Graph Kernels by Spectral Transforms
Xiaojin Zhu, Jaz Kandola, John Lafferty and Zoubin Ghahramani
Many graph-based semi-supervised learning methods can be viewed as imposing smoothness conditions on the target function with respect to a graph representing the data points to be labeled. The smoothness properties of the functions are encoded in terms of Mercer kernels over the graph. The central quantity in such regularization is the spectral decomposition of the graph Laplacian, a matrix derived from the graph's edge weights. The eigenvectors with small eigenvalues are smooth, and ideally represent large cluster structures within the data. The eigenvectors having large eigenvalues are rugged, and considered noise. Different weightings of the eigenvectors of the graph Laplacian lead to different measures of smoothness.
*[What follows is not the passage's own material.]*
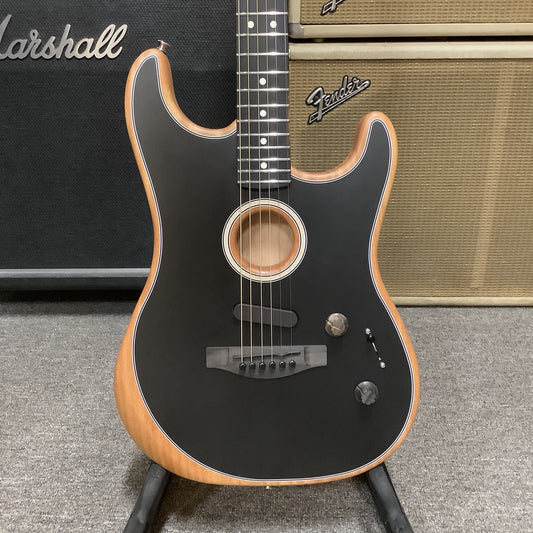 2021 Fender American Acoustasonic Stratocaster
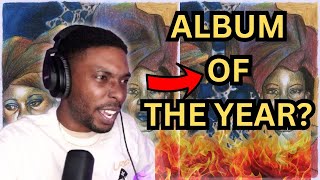 MIKE – “SHOWBIZ” (FULL ALBUM REACTION!)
Such weightings can be viewed as spectral transforms, that is, as transformations of the standard eigenspectrum that lead to different regularizers over the graph. Familiar kernels, such as the diffusion kernel resulting by solving a discrete heat equation on the graph, can be seen as simple parametric spectral transforms. The question naturally arises whether one can obtain effective spectral transforms automatically. In this paper we develop an approach to searching over a nonparametric family of spectral transforms by using convex optimization to maximize kernel alignment to the labeled data. Order constraints are imposed to encode a preference for smoothness with respect to the graph structure. This results in a flexible family of kernels that is more data-driven than the standard parametric spectral transforms. Our approach relies on a quadratically constrained quadratic program (QCQP), and is computationally practical for large datasets.